How to search DatahubGraph for dataset urns filtered by properties in Python

Original Slack Thread

In python, is there a good way to search a DatahubGraph for dataset urns filtered by properties or is would this require a more explicit query? .get_urns_by_filter doesnt seem to include properties as an option, so the only way i can think to do this through the python api is to .list_all_entity_urns and .get_dataset_properties on each urn to check if the property matches my target, which seems inefficient

You can pass extraFilters into the get_urns_by_filter method. I believe custom properties are indexed in ElasticSearch, although I don’t remember the exact syntax required

I’d also be open to a PR that adds filters for custom properties as a first-class filter arg on that method

Thanks Harshal, taking a look now.

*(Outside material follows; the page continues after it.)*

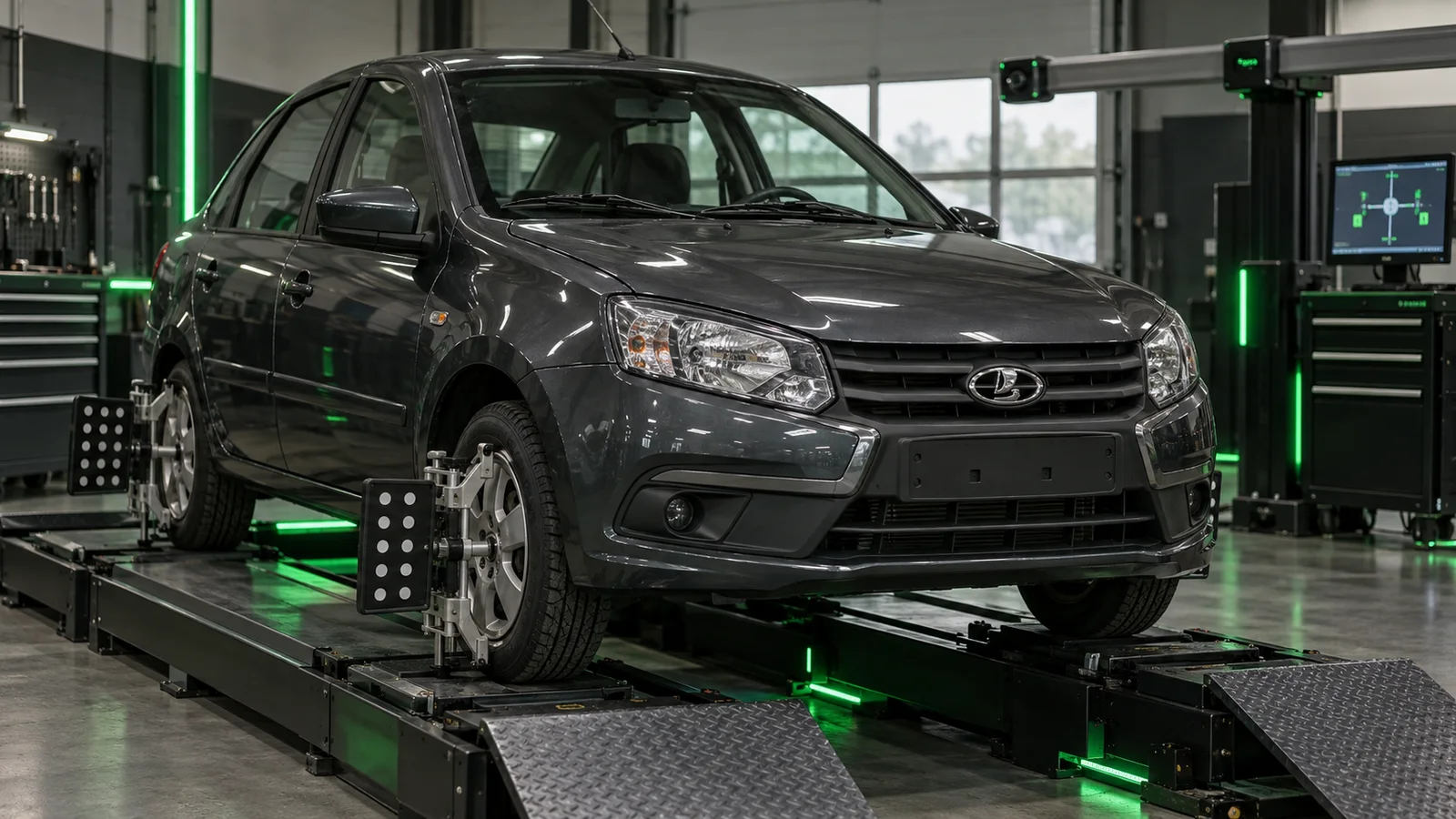 Автомобиль уводит в сторону на Lada Granta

I’ll send up a pr once i get it running. The docs are a little sparse for filters and custom filters, do you have any examples of them in action i could take a look at?

There’s not a ton of good docs - there’s a bit here https://datahubproject.io/docs/next/how/search/#graphql, but it is sparse

The filters are passed directly through to ElasticSearch, so you can also reference their docs on their query DSL. Also, I sometimes inspect the network traffic in my browser to see example graphql queries

Thanks Harshal looking through this this morning

Posting for posterity in case anyone stumbles across this thread in the future.

attachment

This is how to structure your search by property through the python API

Harshal’s link is useful, as is his tip about inspecting your network traffic. <About DataHub Search | DataHub page> section has a good selection of queries to inspect.